Supplied data:

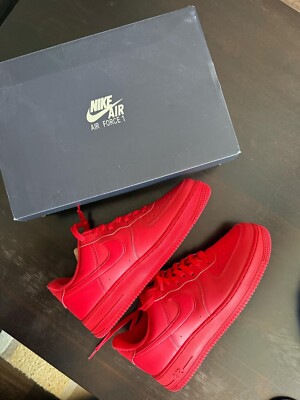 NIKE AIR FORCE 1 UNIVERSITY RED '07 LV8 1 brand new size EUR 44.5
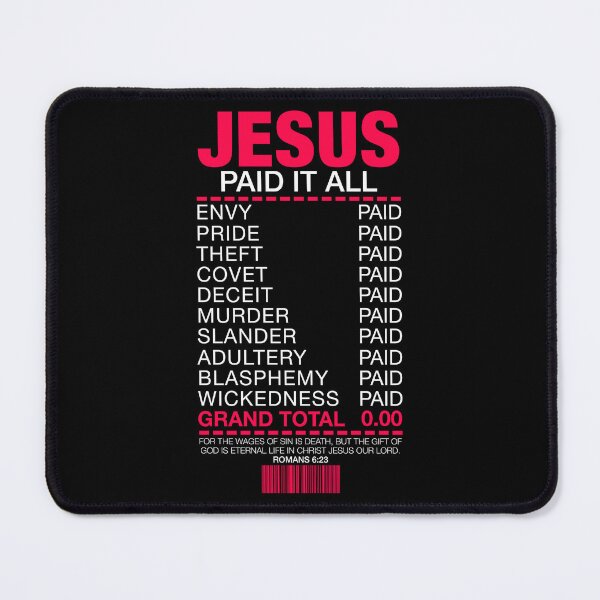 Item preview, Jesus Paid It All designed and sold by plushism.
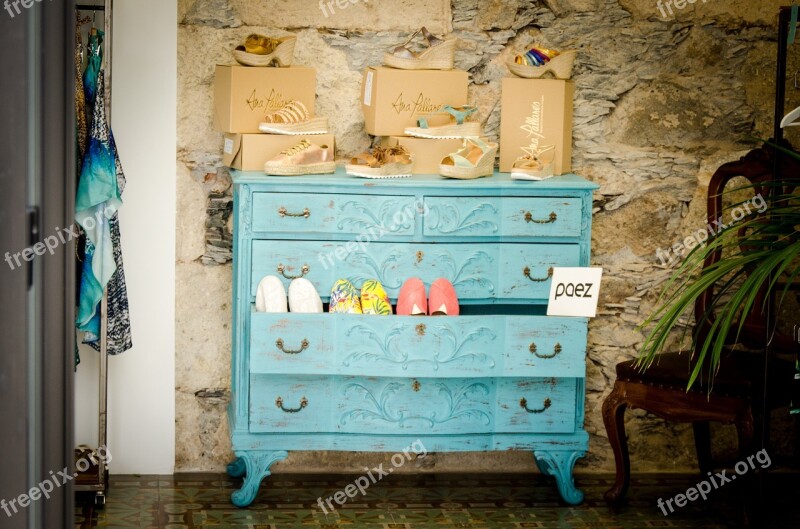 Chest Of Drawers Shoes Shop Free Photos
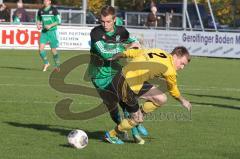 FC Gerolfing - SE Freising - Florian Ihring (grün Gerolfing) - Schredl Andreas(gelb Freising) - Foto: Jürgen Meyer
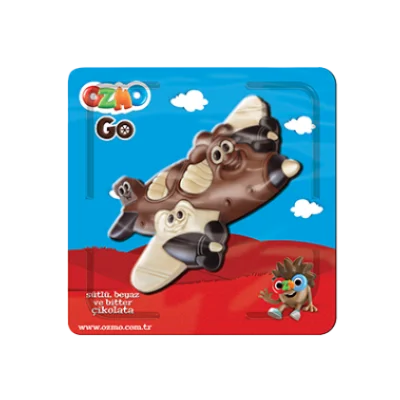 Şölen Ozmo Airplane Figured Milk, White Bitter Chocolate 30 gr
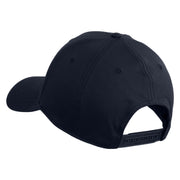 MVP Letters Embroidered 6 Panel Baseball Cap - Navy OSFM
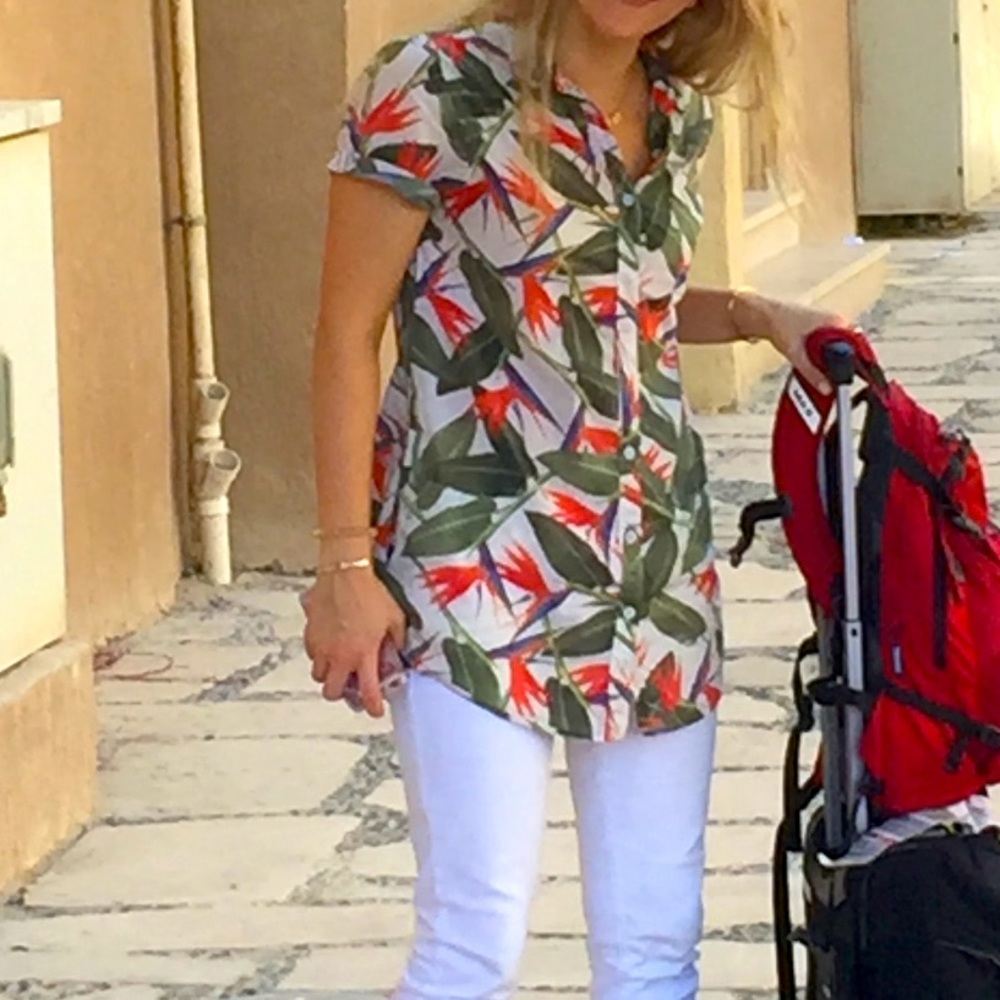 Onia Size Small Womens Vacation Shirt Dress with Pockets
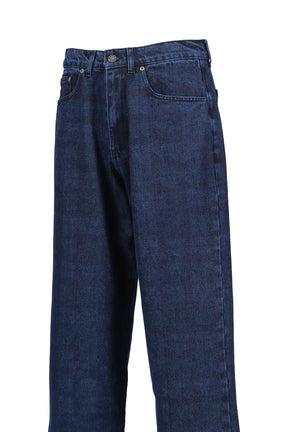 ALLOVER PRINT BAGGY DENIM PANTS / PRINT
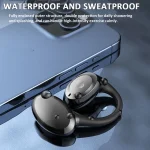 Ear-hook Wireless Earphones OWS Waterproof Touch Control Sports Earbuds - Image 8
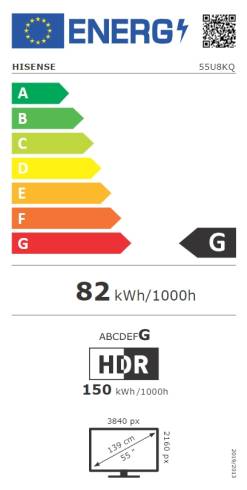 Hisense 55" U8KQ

Requirement:
Only one part of the material above is wanted: the lines from the one with "Item preview, Jesus" up to and including the one with "Şölen Ozmo Airplane". Please copy them exactly, pictures left out.

Exercise solution:
 Item preview, Jesus Paid It All designed and sold by plushism.
 Chest Of Drawers Shoes Shop Free Photos
 FC Gerolfing - SE Freising - Florian Ihring (grün Gerolfing) - Schredl Andreas(gelb Freising) - Foto: Jürgen Meyer
 Şölen Ozmo Airplane Figured Milk, White Bitter Chocolate 30 gr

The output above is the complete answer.